▸ Available data:
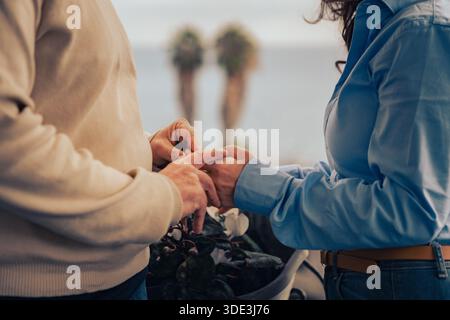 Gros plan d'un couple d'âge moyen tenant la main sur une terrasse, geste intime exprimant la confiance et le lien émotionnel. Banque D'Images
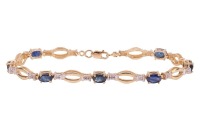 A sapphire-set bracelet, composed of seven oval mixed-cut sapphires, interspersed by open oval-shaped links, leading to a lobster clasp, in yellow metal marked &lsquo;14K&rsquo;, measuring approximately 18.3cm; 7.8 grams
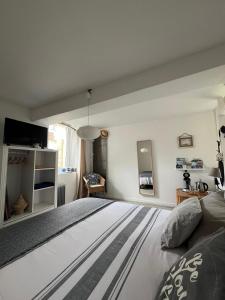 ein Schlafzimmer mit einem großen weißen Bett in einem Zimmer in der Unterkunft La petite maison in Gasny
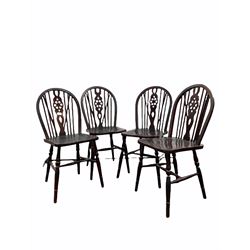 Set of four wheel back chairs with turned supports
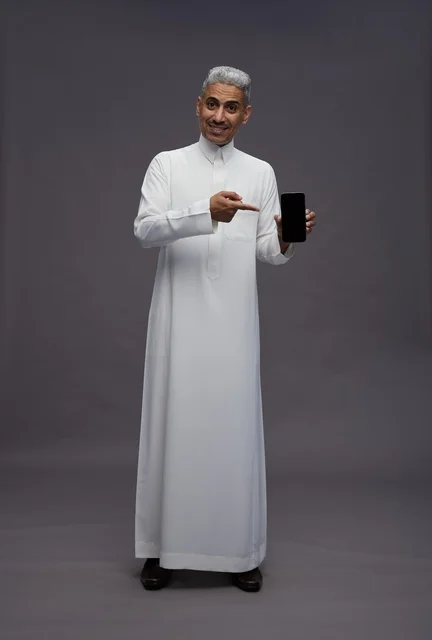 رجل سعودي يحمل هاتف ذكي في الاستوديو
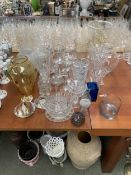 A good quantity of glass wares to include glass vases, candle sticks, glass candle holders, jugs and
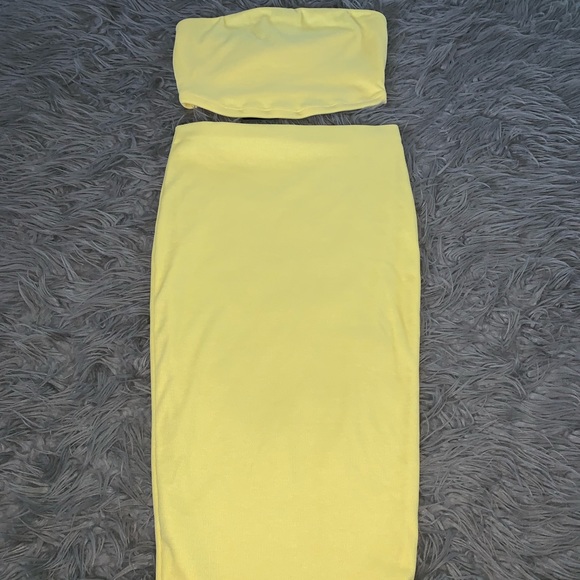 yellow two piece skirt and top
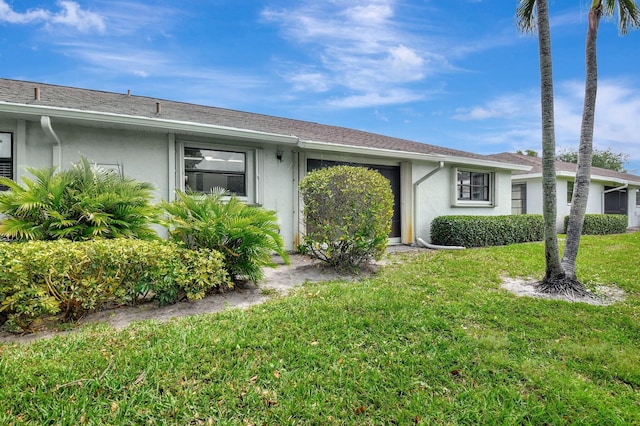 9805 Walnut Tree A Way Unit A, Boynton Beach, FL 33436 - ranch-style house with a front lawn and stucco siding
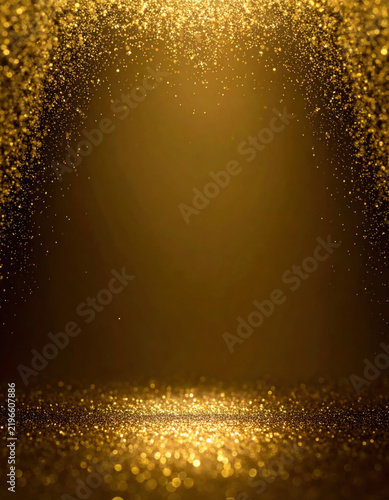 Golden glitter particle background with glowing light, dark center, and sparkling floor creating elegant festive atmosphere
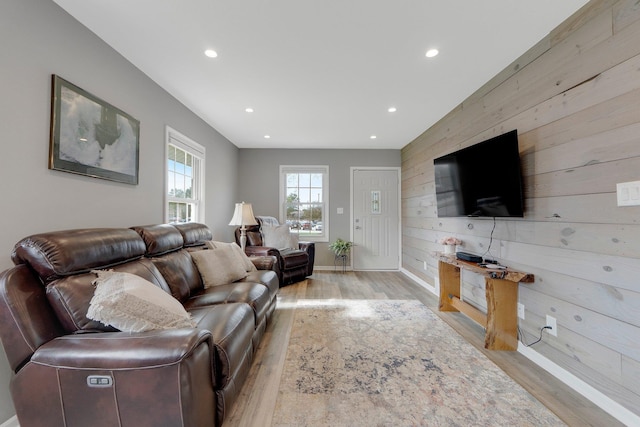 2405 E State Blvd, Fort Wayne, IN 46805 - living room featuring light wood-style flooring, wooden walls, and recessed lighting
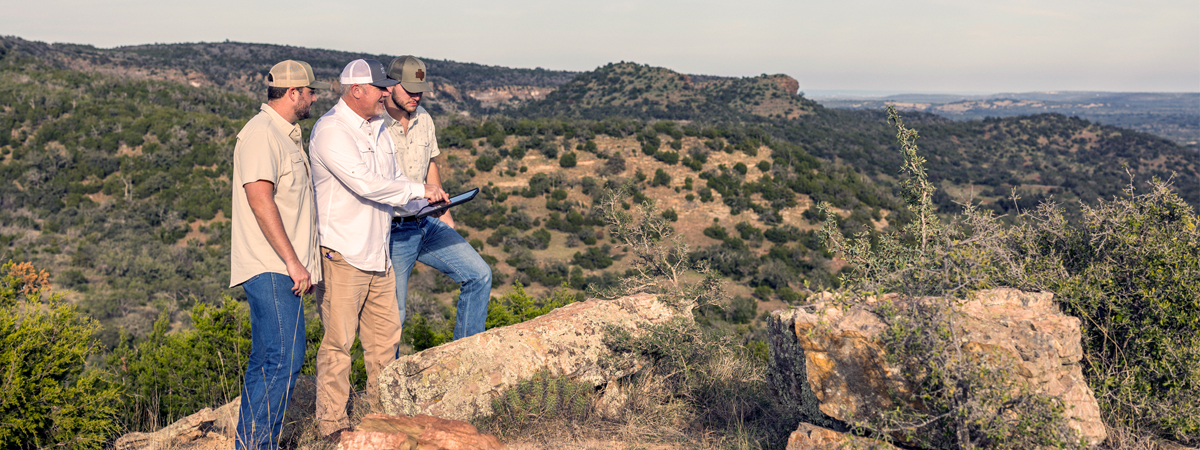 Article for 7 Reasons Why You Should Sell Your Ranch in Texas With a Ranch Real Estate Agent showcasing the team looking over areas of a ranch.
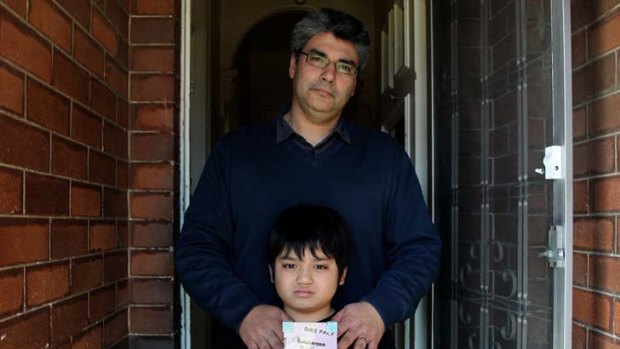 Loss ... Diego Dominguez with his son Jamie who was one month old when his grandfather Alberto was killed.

▸ Work instruction: Write out exactly the lines from the one that contains "2405 E State" through the last line of the data above, both included. Leave every picture out.

▸ Task output:
 2405 E State Blvd, Fort Wayne, IN 46805 - living room featuring light wood-style flooring, wooden walls, and recessed lighting
 Article for 7 Reasons Why You Should Sell Your Ranch in Texas With a Ranch Real Estate Agent showcasing the team looking over areas of a ranch.
 Loss ... Diego Dominguez with his son Jamie who was one month old when his grandfather Alberto was killed.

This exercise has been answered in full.